Pemadaman melibatkan 11 unit kendaraan pemadam kebakaran dari Kota Denpasar dan Kabupaten Badung. Selain itu, ada juga unit kendaraan yang diterjunkan dari PT Pelindo II yang ada di Bali.
baca : Banyak Kecelakaan Wisata Laut di Nusa Penida Bali. Ada Apa?
Dwiyanto mengatakan, pemadaman api yang berhasil dilakukan setelah 12 jam berkobar, terhitung lama dan itu dirasakan sendiri oleh tim yang bekerja. Penyebab kendala tersebut muncul, karena api membakar 4 unit kapal ikan bertonase besar yang diperkirakan masih memiliki cadangan bahan bakar yang banyak.
“Kapal-kapal itu memiliki persediaan bahan bakar yang cukup banyak. Sehingga ketika terbakar tidak segera habis,” katanya.
Pihak berwajib masih meneliti intuk memastikan penyebab kebakaran. Dari hasil investigasi sementara, kapal ikan yang terbakar jumlahnya sebanyak 38 unit, terdiri dari dari 8 unit kapal aktif atau masih beroperasi dan 30 unit kapal pasif atau sudah tidak beroperasi.

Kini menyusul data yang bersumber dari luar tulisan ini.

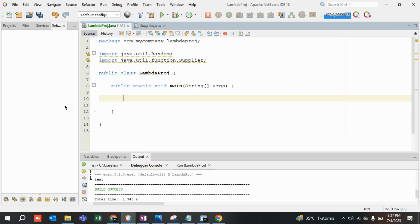Otherwise you will keep learning and keep forgetting. It's like going to the gym and then eating 10 burgers — it becomes useless. You need to know your body type: ectomorph, mesomorph, endomorph. The main point is: keep revising, otherwise you will forget all the concepts.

Adapun, kapal-kapal yang terbakar itu, menurut Dwiyanto, diantaranya milik PT Tirta Katulistiwa Farming (TKF) dan terdiri dari 1 unit kapal yang masih aktif dan 5 unit kapal yang pasif. Kemudian, kapal ikan milik PT Intimas yang terdiri dari 2 unit aktif dan 5 unit pasif.
“Sisanya, kapal milik PT Bandar Nelayan yang terdiri dari 5 unit aktif dan 20 unit pasif,” sambungnya.
baca : Kenapa Manipulasi Identitas Kapal Masih Terjadi di Pelabuhan Benoa, Bali?
Lebih lanjut Dwiyanto menerangkan, kapal yang disebut dan masuk kategori aktif, adalah kapal yang siap berangkat dan memiliki kru kapal lengkap, perbekalan siap, dan perijinan lengkap. Sedangkan kapal pasif, adalah kapal yang tidak memiliki kru dan hanya diawaki penjaga malam saja, tidak ada perbekalan, dan sedang menunggu perijinan/proses perbaikan.
Tentang Dermaga Barat, lokasi kebakaran, menurut Dwiyanto, dermaga tersebut memang selama ini dikhususkan untuk kapal-kapal ikan yang berlabuh, baik kapal ikan yang masih aktif maupun kapal ikan yang pasif. Selain itu, dermaga itu juga menjadi tempat berlabuh untuk kapal yang sedang menunggu proses perizinan dari Kementerian Kelautan dan Perikanan (KKP).
“Jadi yang banyak terbakar itu sebetulnya kapal-kapal ikan yang tidak beroperasi atau kapal pasif,” sebutnya.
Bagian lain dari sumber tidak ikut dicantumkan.